> Task directions
The material below has pictures in it. Set down only the lines from the line containing "Appartement à louer, 25m², Nîmes" through the line containing "奶茶妹妹缺席毕业典礼怀孕了? 近照雷人奶茶身材严重走样-怀孕期", word for word, and leave the pictures behind.
(Input data)
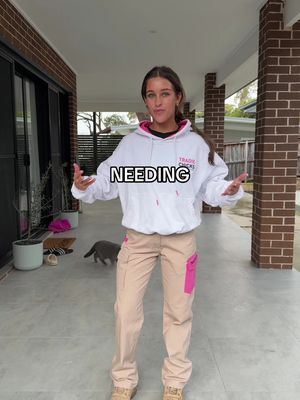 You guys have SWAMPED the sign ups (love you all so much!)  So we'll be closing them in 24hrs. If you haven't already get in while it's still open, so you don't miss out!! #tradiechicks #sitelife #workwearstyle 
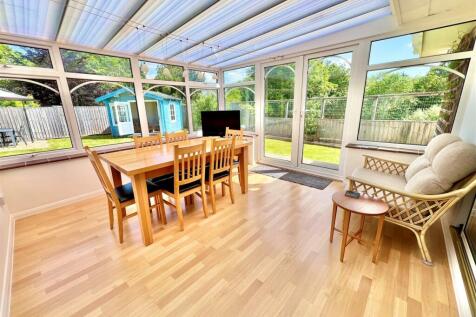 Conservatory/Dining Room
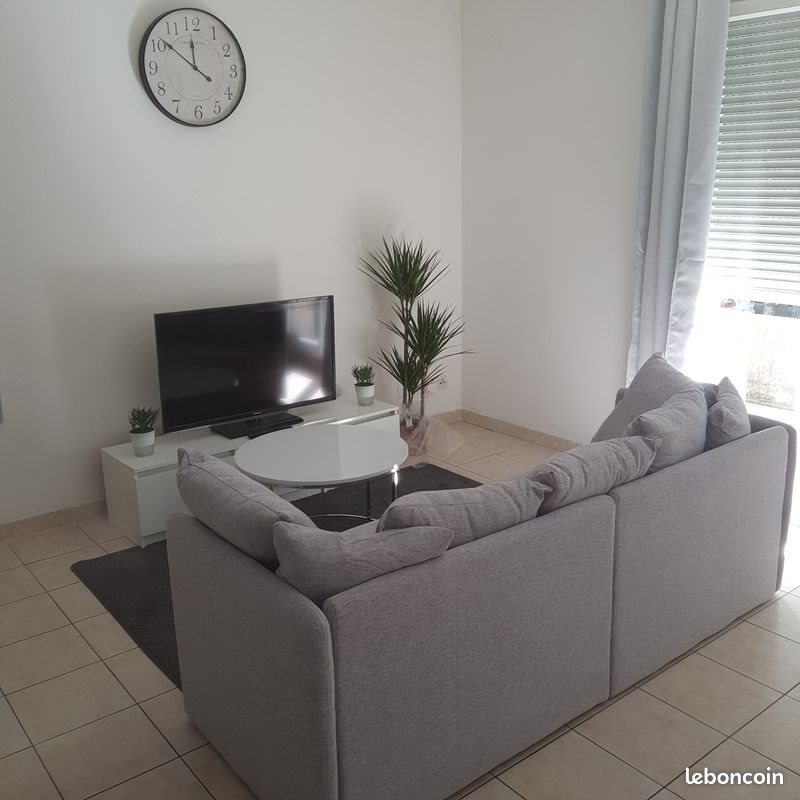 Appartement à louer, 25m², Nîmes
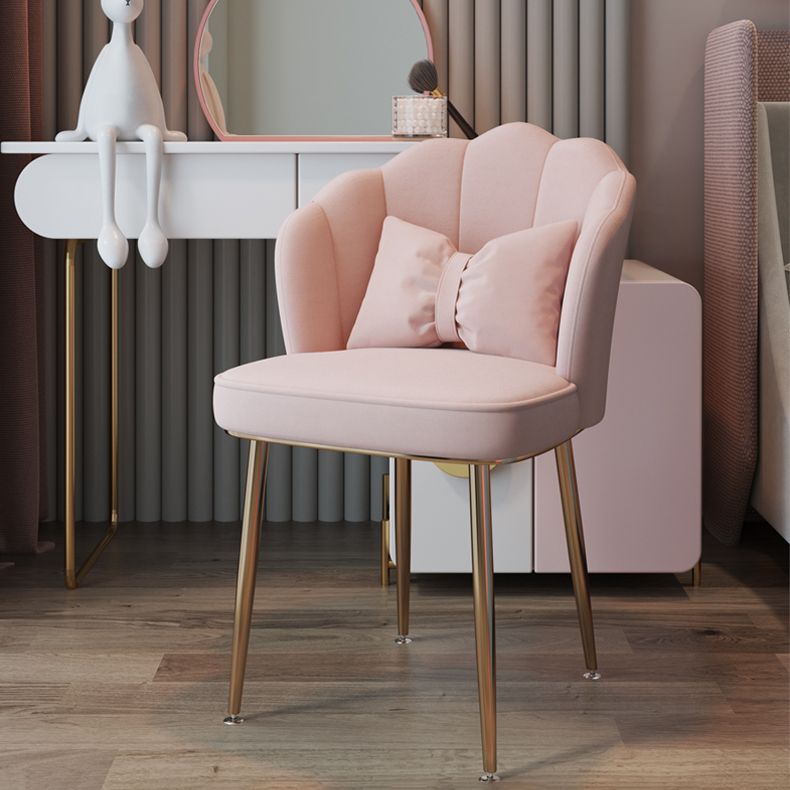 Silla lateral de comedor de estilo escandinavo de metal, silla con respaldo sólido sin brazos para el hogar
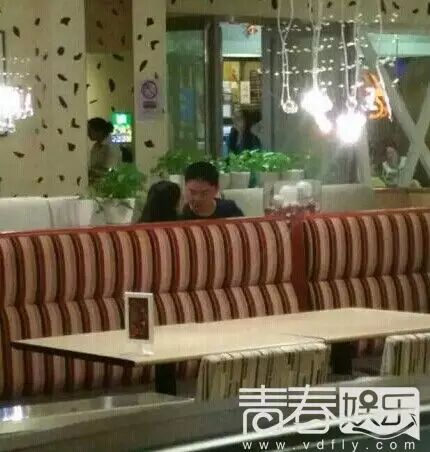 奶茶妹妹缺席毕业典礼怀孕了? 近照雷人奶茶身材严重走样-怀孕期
(End Input data)
(Input data)
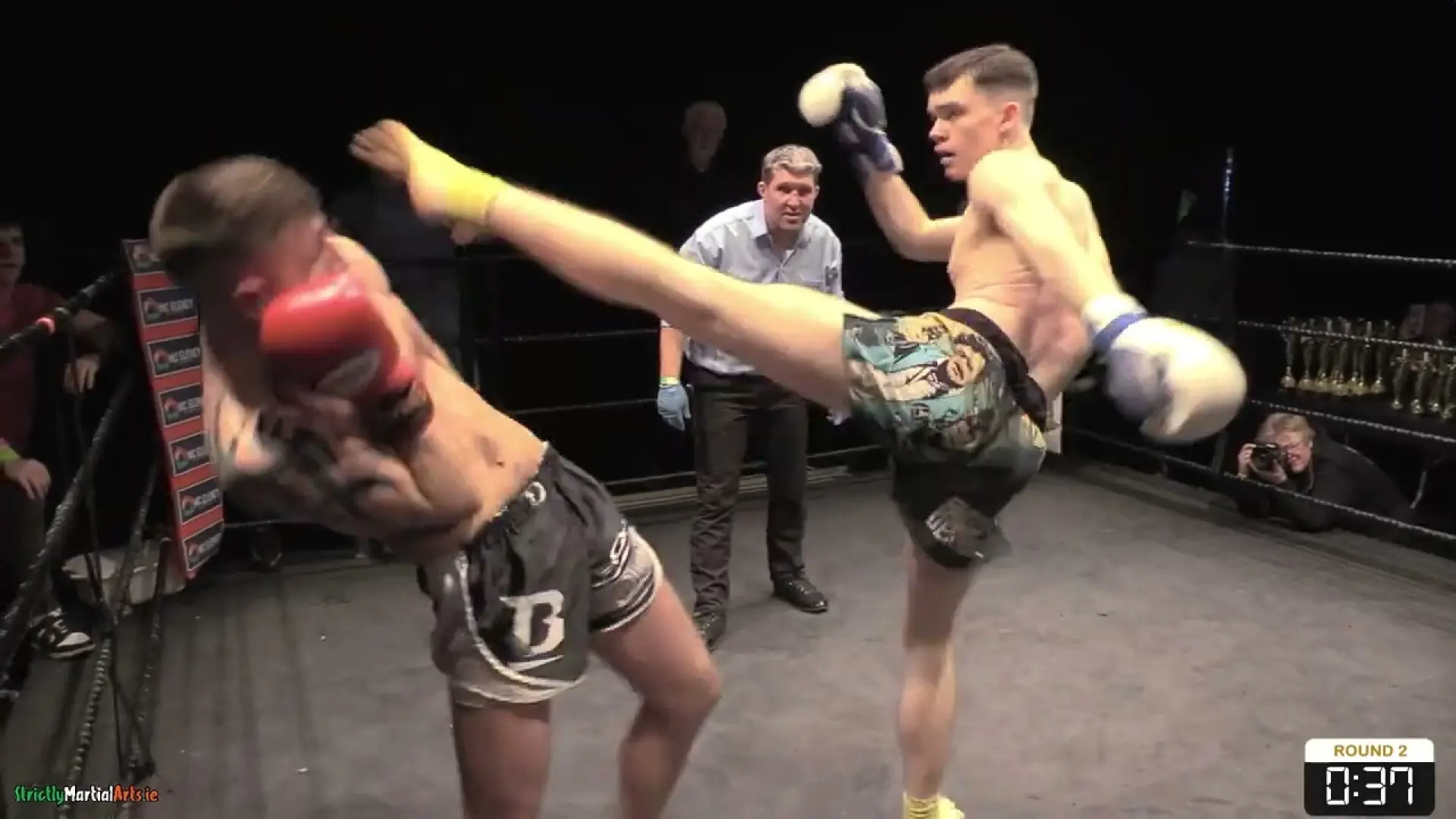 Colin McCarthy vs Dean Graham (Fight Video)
(End Input data)
> Finished exercise
 Appartement à louer, 25m², Nîmes
 Silla lateral de comedor de estilo escandinavo de metal, silla con respaldo sólido sin brazos para el hogar
 奶茶妹妹缺席毕业典礼怀孕了? 近照雷人奶茶身材严重走样-怀孕期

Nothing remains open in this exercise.